Short web captions
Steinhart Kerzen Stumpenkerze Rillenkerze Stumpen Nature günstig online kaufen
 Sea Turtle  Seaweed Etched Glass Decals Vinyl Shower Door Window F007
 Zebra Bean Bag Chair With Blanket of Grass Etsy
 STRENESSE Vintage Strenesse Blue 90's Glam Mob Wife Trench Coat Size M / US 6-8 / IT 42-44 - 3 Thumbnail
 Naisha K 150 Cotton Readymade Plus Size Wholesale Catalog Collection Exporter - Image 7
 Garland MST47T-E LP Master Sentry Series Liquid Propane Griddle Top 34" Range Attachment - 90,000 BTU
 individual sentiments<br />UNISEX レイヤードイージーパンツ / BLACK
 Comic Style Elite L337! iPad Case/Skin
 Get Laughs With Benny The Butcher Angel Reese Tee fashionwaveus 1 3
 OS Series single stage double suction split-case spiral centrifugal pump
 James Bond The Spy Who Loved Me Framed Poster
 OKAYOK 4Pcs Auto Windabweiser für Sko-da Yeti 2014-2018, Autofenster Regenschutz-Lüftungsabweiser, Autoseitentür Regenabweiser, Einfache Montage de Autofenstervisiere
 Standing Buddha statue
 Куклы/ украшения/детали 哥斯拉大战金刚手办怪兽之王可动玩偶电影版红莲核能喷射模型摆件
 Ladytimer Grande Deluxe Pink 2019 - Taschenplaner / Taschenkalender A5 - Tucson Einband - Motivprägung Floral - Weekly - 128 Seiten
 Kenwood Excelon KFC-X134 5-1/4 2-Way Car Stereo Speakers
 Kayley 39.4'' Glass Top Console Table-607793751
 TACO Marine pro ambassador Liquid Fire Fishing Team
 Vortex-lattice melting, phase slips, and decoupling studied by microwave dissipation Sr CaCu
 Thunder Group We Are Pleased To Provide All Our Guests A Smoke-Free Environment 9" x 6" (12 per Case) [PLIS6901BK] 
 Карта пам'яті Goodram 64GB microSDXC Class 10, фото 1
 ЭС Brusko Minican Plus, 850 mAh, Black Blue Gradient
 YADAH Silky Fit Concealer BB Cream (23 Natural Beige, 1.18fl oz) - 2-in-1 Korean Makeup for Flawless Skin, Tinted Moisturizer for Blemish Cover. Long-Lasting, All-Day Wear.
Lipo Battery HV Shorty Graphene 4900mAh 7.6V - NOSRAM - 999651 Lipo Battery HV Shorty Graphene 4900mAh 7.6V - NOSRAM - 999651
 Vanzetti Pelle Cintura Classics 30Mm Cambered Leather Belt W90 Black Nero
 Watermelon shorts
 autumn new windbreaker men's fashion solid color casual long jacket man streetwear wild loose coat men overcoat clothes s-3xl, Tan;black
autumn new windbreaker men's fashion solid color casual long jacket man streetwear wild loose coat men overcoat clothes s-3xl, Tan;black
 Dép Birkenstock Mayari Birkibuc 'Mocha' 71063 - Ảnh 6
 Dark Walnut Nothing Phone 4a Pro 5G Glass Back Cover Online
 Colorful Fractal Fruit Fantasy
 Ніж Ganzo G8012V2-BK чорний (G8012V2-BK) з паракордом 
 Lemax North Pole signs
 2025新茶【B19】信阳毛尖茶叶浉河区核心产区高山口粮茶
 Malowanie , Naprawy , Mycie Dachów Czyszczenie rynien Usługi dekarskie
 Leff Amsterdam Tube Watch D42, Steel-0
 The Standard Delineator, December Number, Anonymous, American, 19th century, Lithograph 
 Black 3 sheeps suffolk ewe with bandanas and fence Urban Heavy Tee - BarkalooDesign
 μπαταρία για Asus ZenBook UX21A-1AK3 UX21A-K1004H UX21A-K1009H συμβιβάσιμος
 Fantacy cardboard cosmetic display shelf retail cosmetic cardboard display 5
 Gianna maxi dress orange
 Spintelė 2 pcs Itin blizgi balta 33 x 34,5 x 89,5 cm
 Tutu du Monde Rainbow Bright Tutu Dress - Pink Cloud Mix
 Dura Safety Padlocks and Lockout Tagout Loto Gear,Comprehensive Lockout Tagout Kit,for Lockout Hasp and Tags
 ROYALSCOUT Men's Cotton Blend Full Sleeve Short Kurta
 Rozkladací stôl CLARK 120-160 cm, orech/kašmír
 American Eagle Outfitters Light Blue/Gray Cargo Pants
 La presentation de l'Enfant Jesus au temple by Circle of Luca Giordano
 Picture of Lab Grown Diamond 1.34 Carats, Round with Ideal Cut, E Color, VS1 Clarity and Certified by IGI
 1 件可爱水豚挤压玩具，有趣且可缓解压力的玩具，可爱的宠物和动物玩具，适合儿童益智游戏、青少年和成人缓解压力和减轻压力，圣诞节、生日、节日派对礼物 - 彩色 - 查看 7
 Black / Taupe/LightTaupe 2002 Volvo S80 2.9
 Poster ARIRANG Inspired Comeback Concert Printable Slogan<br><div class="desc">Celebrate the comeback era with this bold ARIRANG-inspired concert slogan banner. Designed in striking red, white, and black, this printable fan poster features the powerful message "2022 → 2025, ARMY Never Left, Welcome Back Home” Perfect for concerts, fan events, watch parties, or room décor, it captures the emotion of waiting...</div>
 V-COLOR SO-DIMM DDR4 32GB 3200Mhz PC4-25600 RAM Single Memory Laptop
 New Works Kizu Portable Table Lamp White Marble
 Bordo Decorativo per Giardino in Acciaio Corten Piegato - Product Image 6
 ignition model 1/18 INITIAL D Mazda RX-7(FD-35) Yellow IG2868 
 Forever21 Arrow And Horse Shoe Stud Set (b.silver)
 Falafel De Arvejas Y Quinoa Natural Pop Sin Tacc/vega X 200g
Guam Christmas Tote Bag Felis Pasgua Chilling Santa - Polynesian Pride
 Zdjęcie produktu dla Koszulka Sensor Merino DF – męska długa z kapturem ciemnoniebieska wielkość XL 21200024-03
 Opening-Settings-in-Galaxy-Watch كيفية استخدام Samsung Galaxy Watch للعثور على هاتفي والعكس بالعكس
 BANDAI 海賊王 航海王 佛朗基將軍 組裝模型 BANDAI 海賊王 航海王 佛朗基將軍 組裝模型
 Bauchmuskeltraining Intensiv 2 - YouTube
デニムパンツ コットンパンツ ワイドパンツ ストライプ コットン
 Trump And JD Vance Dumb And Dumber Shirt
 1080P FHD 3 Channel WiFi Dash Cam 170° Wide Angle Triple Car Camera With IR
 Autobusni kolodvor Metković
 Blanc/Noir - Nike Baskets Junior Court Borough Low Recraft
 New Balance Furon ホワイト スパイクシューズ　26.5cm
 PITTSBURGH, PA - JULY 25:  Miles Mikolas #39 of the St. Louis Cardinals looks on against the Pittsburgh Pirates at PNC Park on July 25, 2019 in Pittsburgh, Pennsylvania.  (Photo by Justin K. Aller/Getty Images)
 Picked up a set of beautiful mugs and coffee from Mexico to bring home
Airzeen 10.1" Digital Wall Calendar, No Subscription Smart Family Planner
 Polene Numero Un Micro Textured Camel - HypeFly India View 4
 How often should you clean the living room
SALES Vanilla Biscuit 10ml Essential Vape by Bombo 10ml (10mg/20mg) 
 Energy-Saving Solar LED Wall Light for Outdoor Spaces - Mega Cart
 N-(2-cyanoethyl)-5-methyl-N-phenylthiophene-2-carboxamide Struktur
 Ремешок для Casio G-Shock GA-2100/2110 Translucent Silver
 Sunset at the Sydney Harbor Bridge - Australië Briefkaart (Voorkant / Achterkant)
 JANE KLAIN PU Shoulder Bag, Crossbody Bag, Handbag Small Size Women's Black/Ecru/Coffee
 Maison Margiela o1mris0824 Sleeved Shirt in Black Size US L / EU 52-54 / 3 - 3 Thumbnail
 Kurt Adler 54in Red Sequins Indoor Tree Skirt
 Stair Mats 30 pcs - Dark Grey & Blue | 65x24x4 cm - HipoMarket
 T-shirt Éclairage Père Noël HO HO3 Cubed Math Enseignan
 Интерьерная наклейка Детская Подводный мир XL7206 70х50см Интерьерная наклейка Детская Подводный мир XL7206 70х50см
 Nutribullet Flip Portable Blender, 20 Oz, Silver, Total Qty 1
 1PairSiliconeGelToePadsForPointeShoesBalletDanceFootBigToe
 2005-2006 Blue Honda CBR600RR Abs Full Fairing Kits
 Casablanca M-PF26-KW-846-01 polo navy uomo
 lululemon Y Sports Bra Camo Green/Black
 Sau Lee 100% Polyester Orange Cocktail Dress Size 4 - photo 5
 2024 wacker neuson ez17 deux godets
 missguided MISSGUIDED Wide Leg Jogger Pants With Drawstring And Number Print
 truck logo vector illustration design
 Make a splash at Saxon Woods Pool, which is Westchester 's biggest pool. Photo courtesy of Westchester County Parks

## [ASSIGNED TASK]
The reply should consist solely of the lines above from the one that has "Watermelon shorts" through the one that has "Bordo Decorativo per", reproduced exactly.

## [FINISHED EXERCISE]
 Watermelon shorts
 autumn new windbreaker men's fashion solid color casual long jacket man streetwear wild loose coat men overcoat clothes s-3xl, Tan;black
autumn new windbreaker men's fashion solid color casual long jacket man streetwear wild loose coat men overcoat clothes s-3xl, Tan;black
 Dép Birkenstock Mayari Birkibuc 'Mocha' 71063 - Ảnh 6
 Dark Walnut Nothing Phone 4a Pro 5G Glass Back Cover Online
 Colorful Fractal Fruit Fantasy
 Ніж Ganzo G8012V2-BK чорний (G8012V2-BK) з паракордом 
 Lemax North Pole signs
 2025新茶【B19】信阳毛尖茶叶浉河区核心产区高山口粮茶
 Malowanie , Naprawy , Mycie Dachów Czyszczenie rynien Usługi dekarskie
 Leff Amsterdam Tube Watch D42, Steel-0
 The Standard Delineator, December Number, Anonymous, American, 19th century, Lithograph 
 Black 3 sheeps suffolk ewe with bandanas and fence Urban Heavy Tee - BarkalooDesign
 μπαταρία για Asus ZenBook UX21A-1AK3 UX21A-K1004H UX21A-K1009H συμβιβάσιμος
 Fantacy cardboard cosmetic display shelf retail cosmetic cardboard display 5
 Gianna maxi dress orange
 Spintelė 2 pcs Itin blizgi balta 33 x 34,5 x 89,5 cm
 Tutu du Monde Rainbow Bright Tutu Dress - Pink Cloud Mix
 Dura Safety Padlocks and Lockout Tagout Loto Gear,Comprehensive Lockout Tagout Kit,for Lockout Hasp and Tags
 ROYALSCOUT Men's Cotton Blend Full Sleeve Short Kurta
 Rozkladací stôl CLARK 120-160 cm, orech/kašmír
 American Eagle Outfitters Light Blue/Gray Cargo Pants
 La presentation de l'Enfant Jesus au temple by Circle of Luca Giordano
 Picture of Lab Grown Diamond 1.34 Carats, Round with Ideal Cut, E Color, VS1 Clarity and Certified by IGI
 1 件可爱水豚挤压玩具，有趣且可缓解压力的玩具，可爱的宠物和动物玩具，适合儿童益智游戏、青少年和成人缓解压力和减轻压力，圣诞节、生日、节日派对礼物 - 彩色 - 查看 7
 Black / Taupe/LightTaupe 2002 Volvo S80 2.9
 Poster ARIRANG Inspired Comeback Concert Printable Slogan<br><div class="desc">Celebrate the comeback era with this bold ARIRANG-inspired concert slogan banner. Designed in striking red, white, and black, this printable fan poster features the powerful message "2022 → 2025, ARMY Never Left, Welcome Back Home” Perfect for concerts, fan events, watch parties, or room décor, it captures the emotion of waiting...</div>
 V-COLOR SO-DIMM DDR4 32GB 3200Mhz PC4-25600 RAM Single Memory Laptop
 New Works Kizu Portable Table Lamp White Marble
 Bordo Decorativo per Giardino in Acciaio Corten Piegato - Product Image 6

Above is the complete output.